Assim entendida, a
revelação (parágrafo 3) é um desafio porque impele a descobrir no acontecimento
uma riqueza de sentido que não tem por que "coincidir" com o que
aconteceu em Israel. Mas, por outro lado, por causa de sua própria
fecundidade, a linguagem da fé tem dois condicionamentos significativos:
a) Por um lado, parte de uma
experiência ou de um acontecimento, por si mesmo, fugaz e irreversível: o
discurso da fé se desloca continuamente ao contemplar determinado
acontecimento a partir de novas experiências ou práticas. É a distância
desimplicadora da reserva-de-sentido do acontecimento ou do relato, que já o
leu. Por isso parece estranha a preocupação desmedida em imobilizar os dogmas.
Não os negamos; na verdade, eles têm uma função "enclausuradora" em
um determinado momento da discussão teológica sobre a interpretação da práxis.
E uma forma através da qual a comunidade defende sua identidade. O que é
anti-hermenêutico é a constituição rígida dos mesmos em fórmulas definitivas.
b) Por outro lado, a
linguagem da fé somente pode ser cultural e literariamente limitada. Isso é
condição de toda linguagem. Todo discurso - ao pretender dizer algo a alguém
sobre alguma coisa - supõe uma clausura contextual que o torna
inteligível. De outra forma, não é mensagem. Efetivamente, não há
línguas universais. Tampouco a Bíblia foi escrita acima dos tempos e das
culturas. Foi escrita por e para o povo hebreu. Somente mediante profundas
releituras, chegou a ser o livro dos primeiros cristãos em um reduzido âmbito
geográfico. Isto significa que a mensagem bíblica está fortemente contextualizada.

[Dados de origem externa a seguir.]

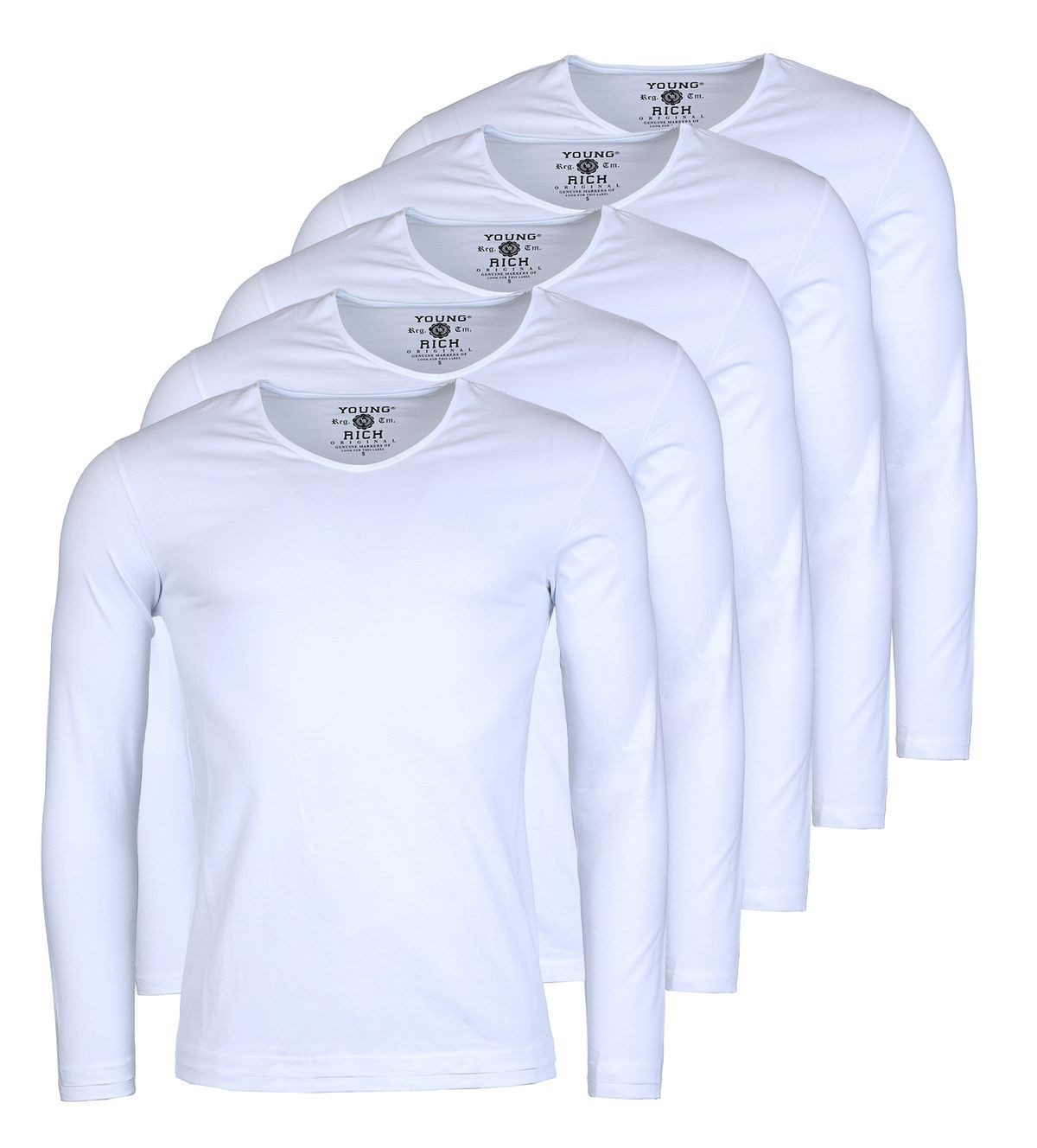 Young & Rich Langarmshirt Herren Uni Basic Longsleeve V-Ausschnitt Unterziehshirt 2001 5er Pack (5er-Pack, 5-tlg., 5er-Pack) V-Ausschnitt unifarben langarm slim fit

Para que seja compreendida a partir de outras situações históricas, deve ser
"recontextualizada". Se o cristão é capaz de ler os sinais dos
tempos, a referida leitura deverá estar em sintonia com os "eixos
querigmáticos" da Bíblia, por sua vez, codificados nos "eixos
semânticos" (nível do texto) que já foram mencionados.
Esta perspectiva
hermenêutica - fortalecida com as contribuições do desvio pela semiótica -
garante a legitimidade das teologias de base, como é para nós a teologia da
libertação. Se esta parte de uma análise correta e conscientizadora da
realidade social, não é por isso que se converte em "sociologia" nem
em "antropologia". Acaso não importa conhecer a realidade na
qual Deus se revela? As próprias ciências sociais não podem entender-se
como instrumento para recontextualizar a mensagem de Deus? Mas é certamente a
fé que reconhece nas situações de cativeiro, marginalização e opressão, e em
toda situação humana, um chamado de Deus para uma realização plena.